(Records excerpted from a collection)
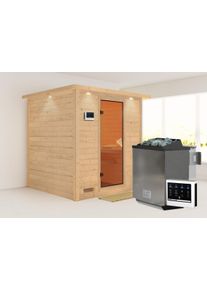 Sauna Karibu "Menja", beige (naturbelassen), Bio-Kombiofen, externe Steuerung, 9 kW, Saunen, Sauna, Ofen 9 kW Bio externe Strg easy
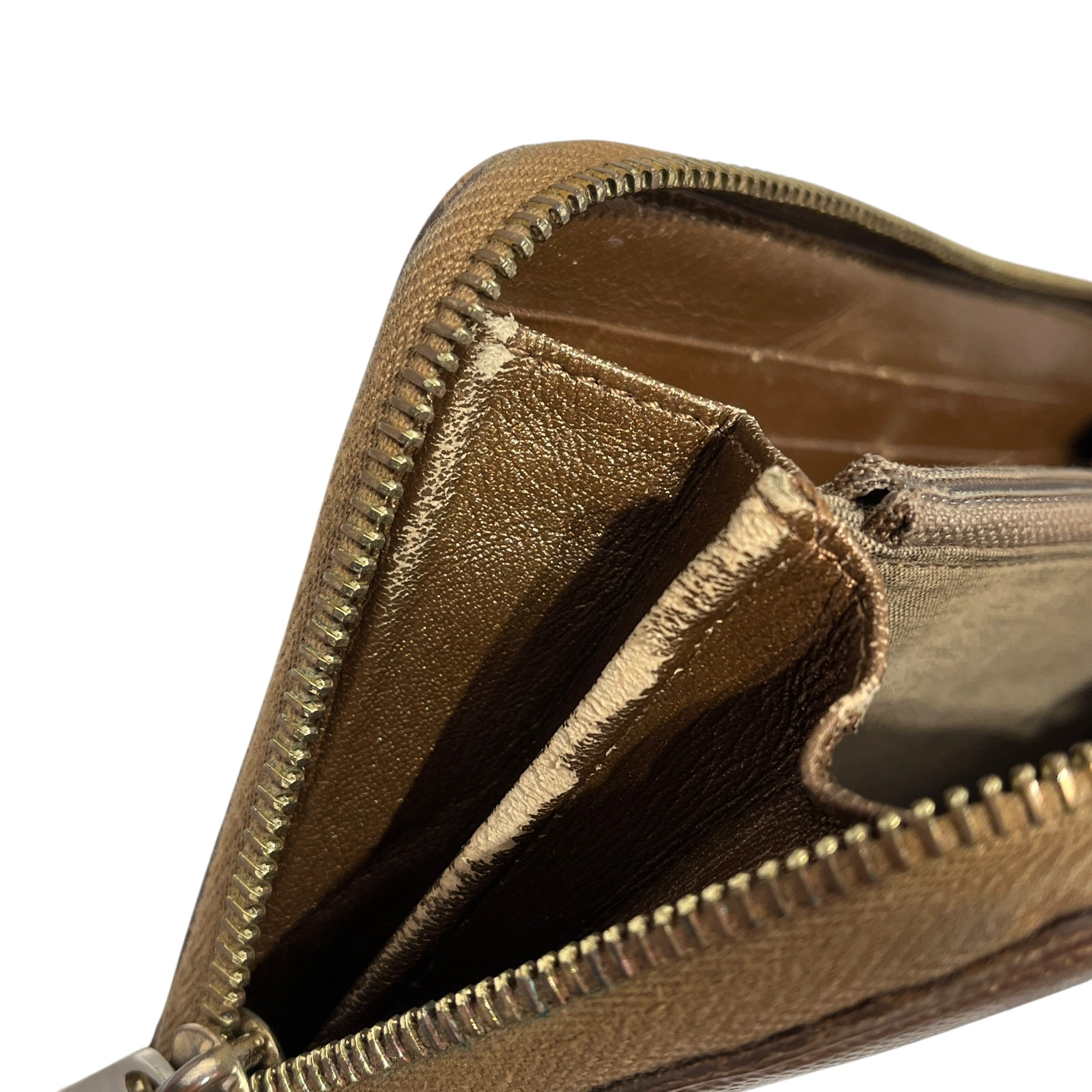 FENDI/Long Wallet/Leather/CML/Gold Textured Lthr Zip Wallet view 7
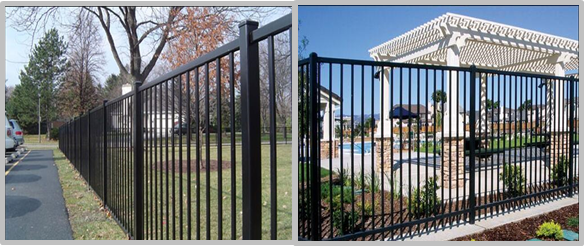 Durable Black Iron Pool Fence , Outdoor Metal Fence Corrosion Resistance
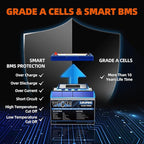 WEIZE 12V 100Ah Mini LiFePO4 Battery, Built-in 100A Smart BMS, Deep Cycle - Image 4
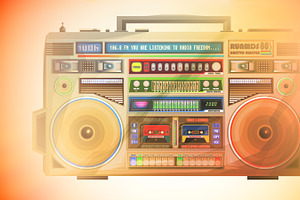 Vintage Ghetto Blaster Boombox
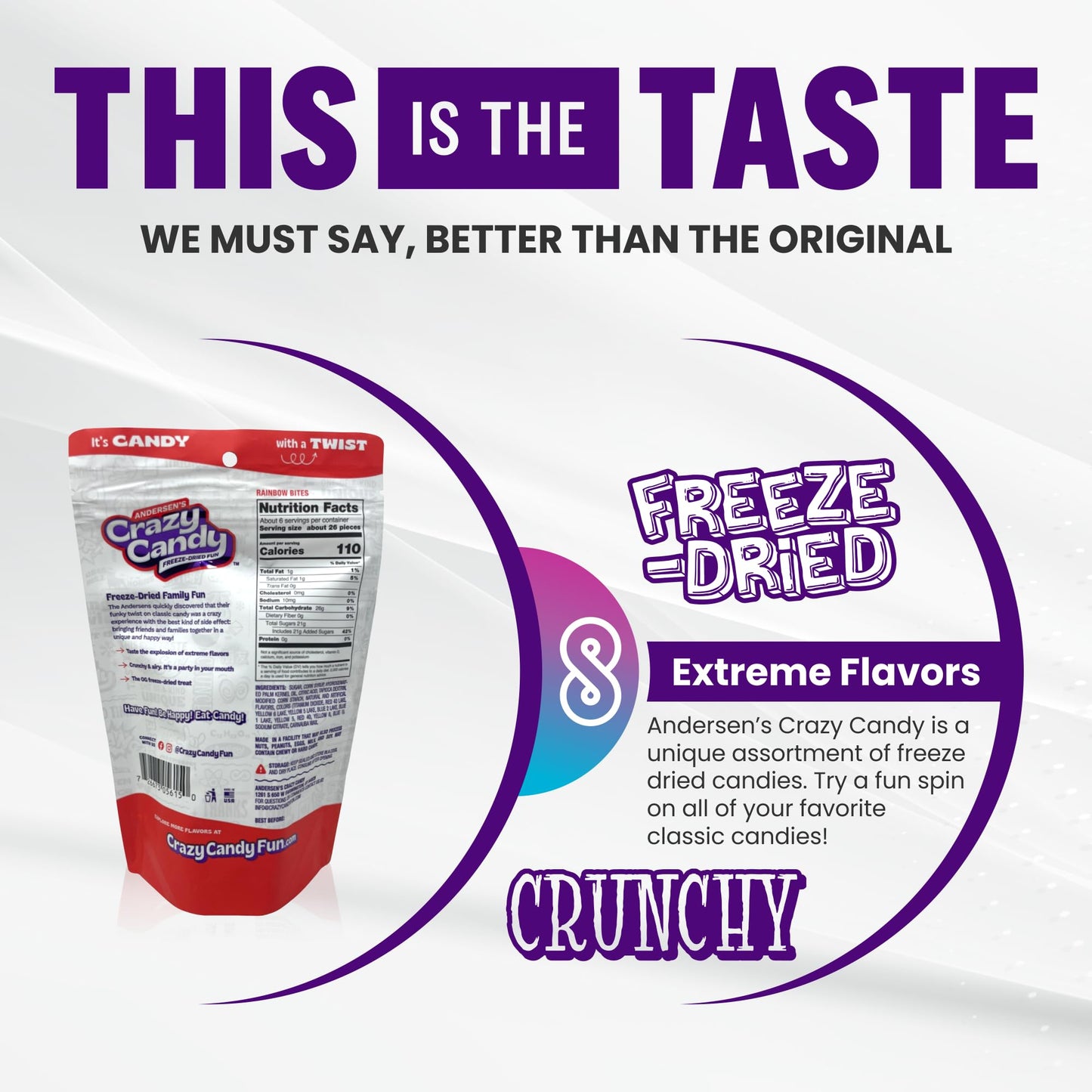 Andersons Crazy Candy Freeze Dried Candy Rainbow Bites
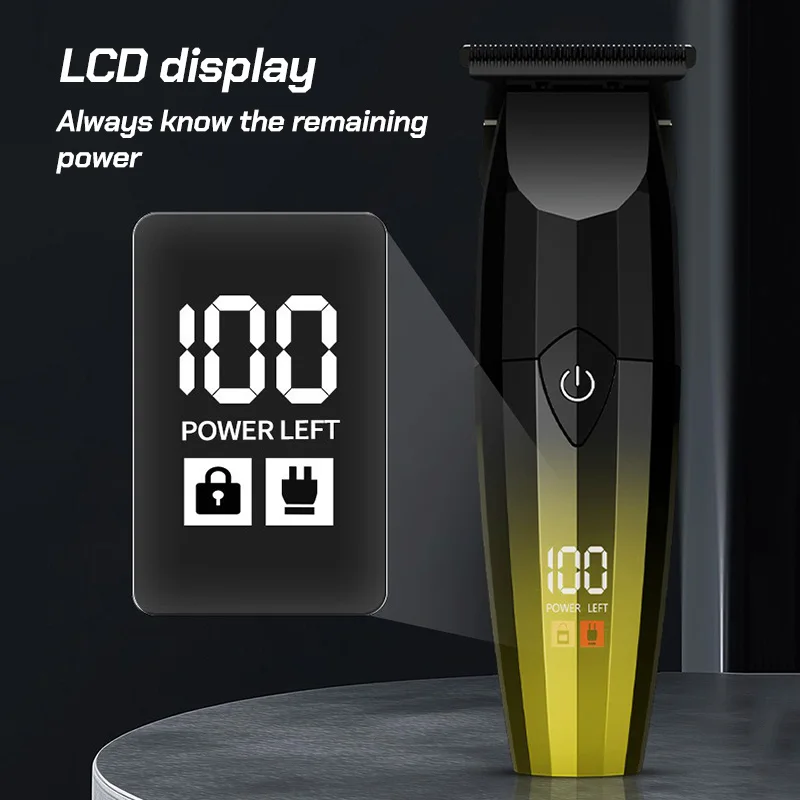Novo profissional 8810 7000rpm escultura gradiente aparador de cabelo barbeiro máquina de cortar cabelo elétrica revestimento dlc display lcd tipo-c carregamento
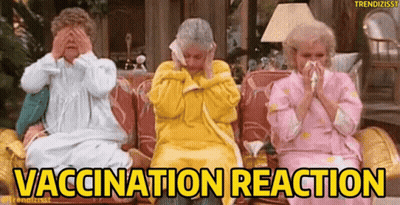 Three Older Women With Faces Covered Vaccination Reaction GIF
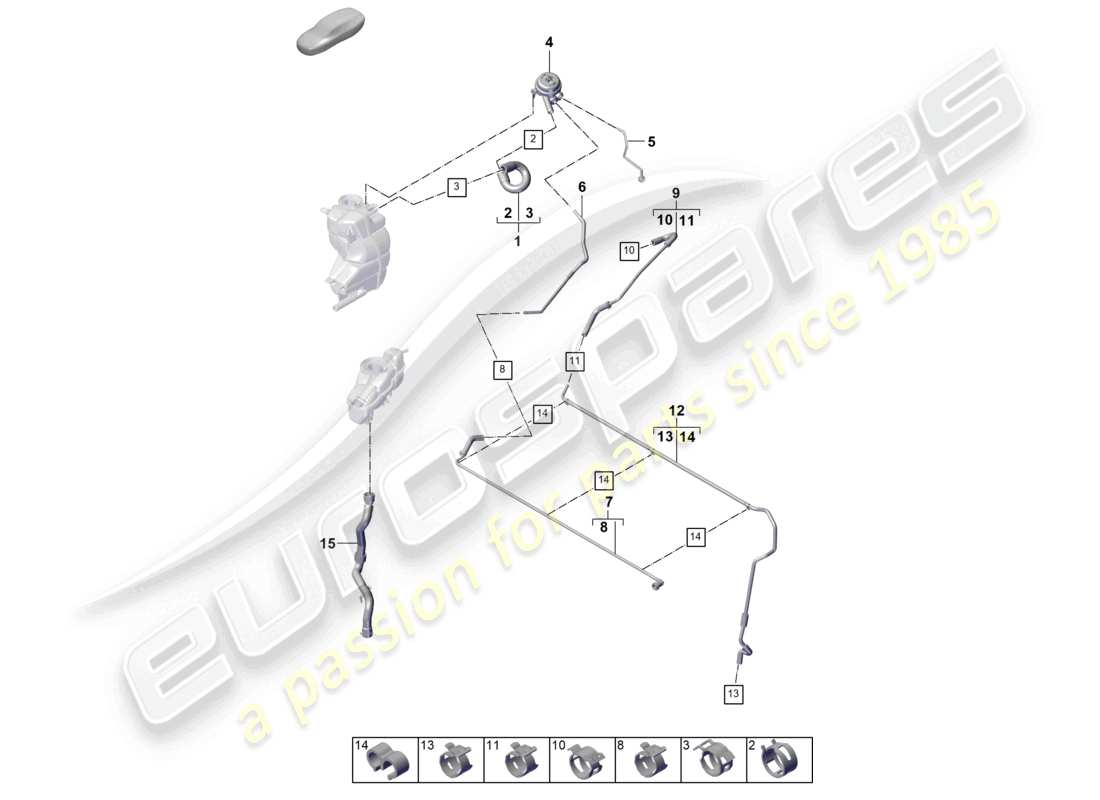 porsche 2025 (panamera 976) coolant cooling system parts diagram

**Aim of the exercise**
Exactly reproduce each entry, but drop the pictures.

**Task solution**
 Sauna Karibu "Menja", beige (naturbelassen), Bio-Kombiofen, externe Steuerung, 9 kW, Saunen, Sauna, Ofen 9 kW Bio externe Strg easy
 FENDI/Long Wallet/Leather/CML/Gold Textured Lthr Zip Wallet view 7
 Durable Black Iron Pool Fence , Outdoor Metal Fence Corrosion Resistance
 WEIZE 12V 100Ah Mini LiFePO4 Battery, Built-in 100A Smart BMS, Deep Cycle - Image 4
 Vintage Ghetto Blaster Boombox
 Andersons Crazy Candy Freeze Dried Candy Rainbow Bites
Novo profissional 8810 7000rpm escultura gradiente aparador de cabelo barbeiro máquina de cortar cabelo elétrica revestimento dlc display lcd tipo-c carregamento
 Three Older Women With Faces Covered Vaccination Reaction GIF
 porsche 2025 (panamera 976) coolant cooling system parts diagram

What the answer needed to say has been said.